> **WHAT YOU WILL DO**
Please restate, exactly as they appear, only the lines from the one that contains "ABOCIW Workout Sets" to the final line of the entries, with no pictures.

═════ AVAILABLE DATA

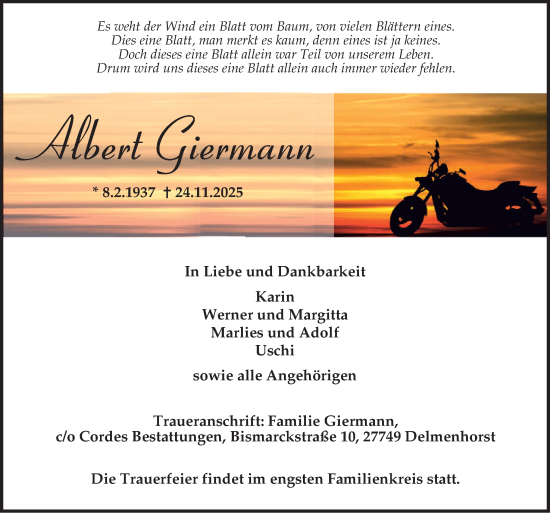 Traueranzeige von Albert Giermann von DK Medien GmbH & Co. KG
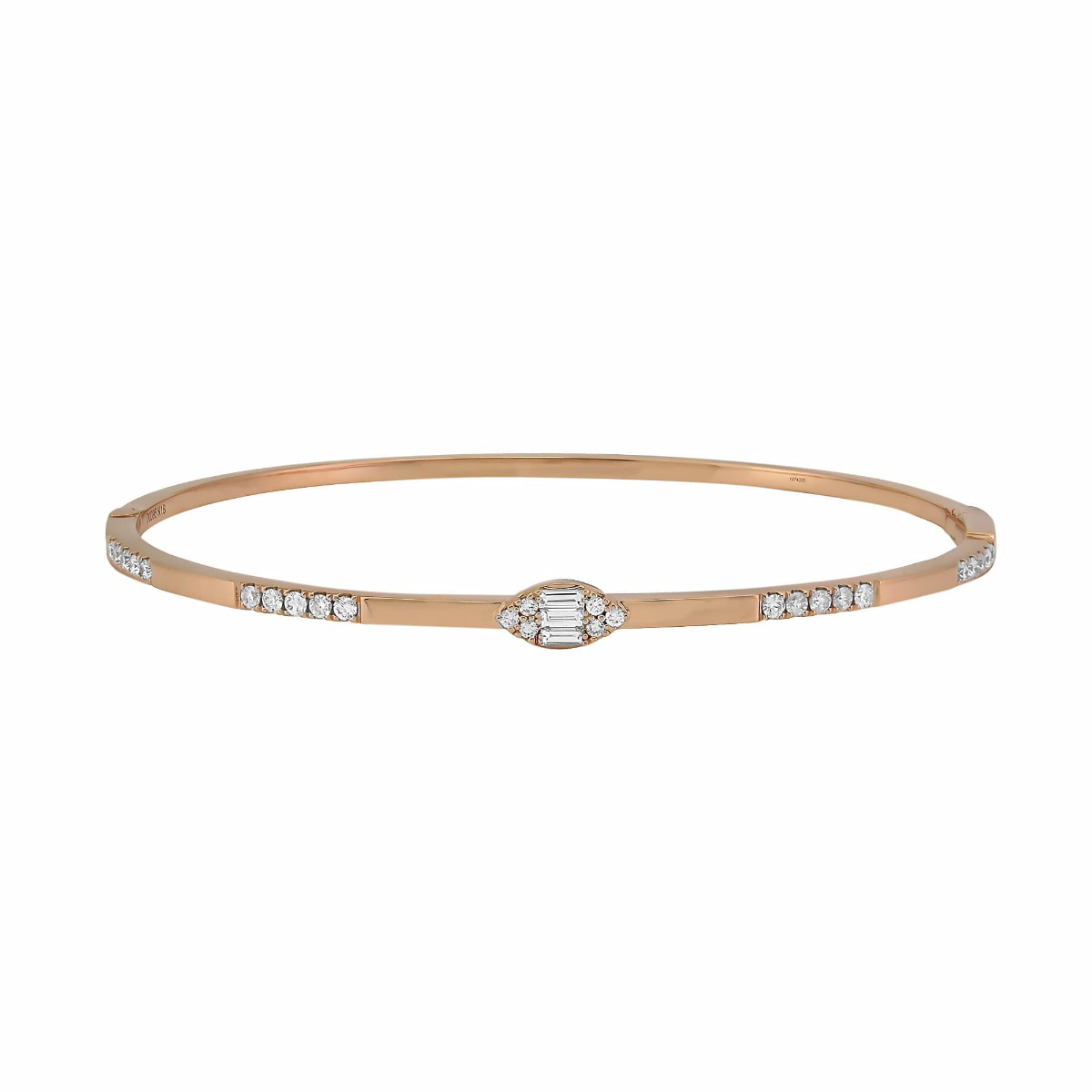 London Collection 18k Gold Tapered and Round Diamond Bangle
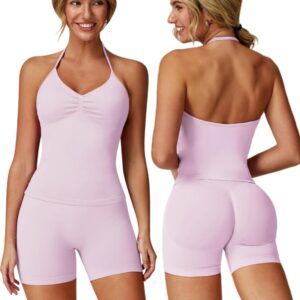 ABOCIW Workout Sets for Women 2 Piece Seamless Impact Longline Strappy Top Scrunch Butt High Waist Biker Shorts Gym Set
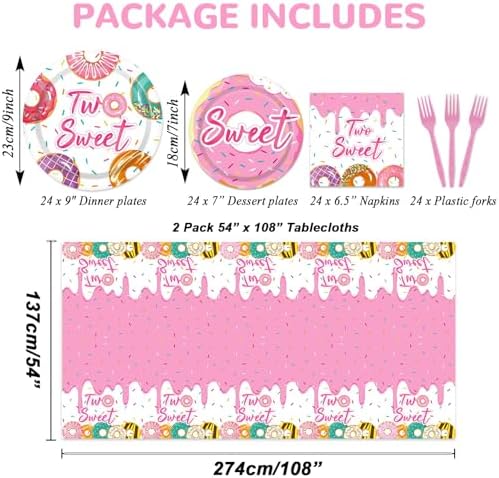 ZOIIWA 98 Pieces Two Sweet Donut Birthday Party Supplies for 24 Guests Girls Donut Tableware Set Baby Girl 2nd Birthday Paper Plates Napkins Tablecloth Decorations Table Cover Dinnerware Party Favors - Image 2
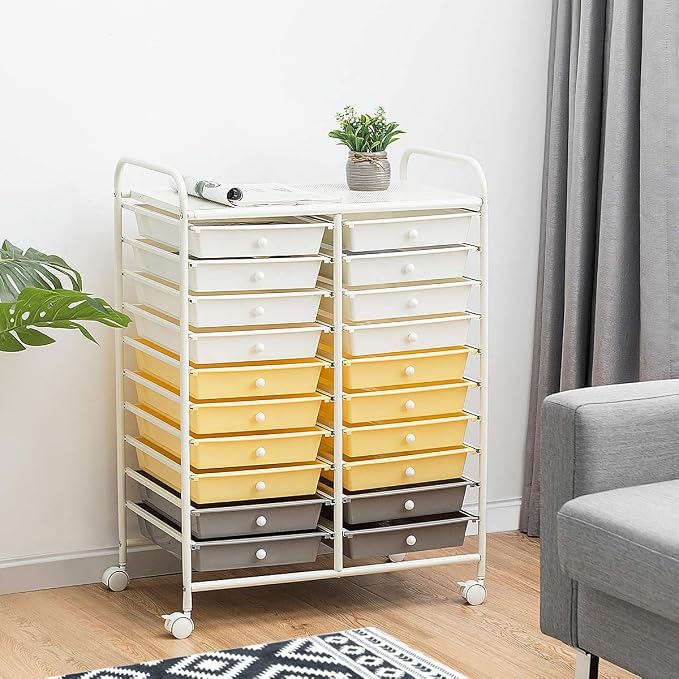 20 Drawer Rolling Storage Cart, Art Cart Organizer with Wheels for Makeup, Tool, Paper, Multipurpose Craft Storage Cart with Drawers for Office, Home, Classroom, Teacher, School (Yellow)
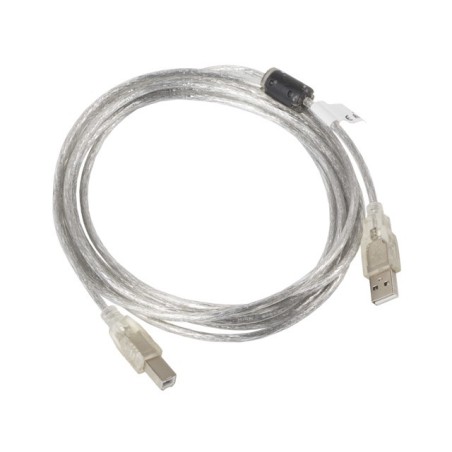 Kabel Lanberg Ca-Usba-12Cc-0030-Tr (Usb 2.0 M - Usb 2.0 Typu B M  3M  Kolor Przeźroczysty)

══════════

> **ANSWER TO THE PROBLEM**
 ABOCIW Workout Sets for Women 2 Piece Seamless Impact Longline Strappy Top Scrunch Butt High Waist Biker Shorts Gym Set
 ZOIIWA 98 Pieces Two Sweet Donut Birthday Party Supplies for 24 Guests Girls Donut Tableware Set Baby Girl 2nd Birthday Paper Plates Napkins Tablecloth Decorations Table Cover Dinnerware Party Favors - Image 2
 20 Drawer Rolling Storage Cart, Art Cart Organizer with Wheels for Makeup, Tool, Paper, Multipurpose Craft Storage Cart with Drawers for Office, Home, Classroom, Teacher, School (Yellow)
 Kabel Lanberg Ca-Usba-12Cc-0030-Tr (Usb 2.0 M - Usb 2.0 Typu B M  3M  Kolor Przeźroczysty)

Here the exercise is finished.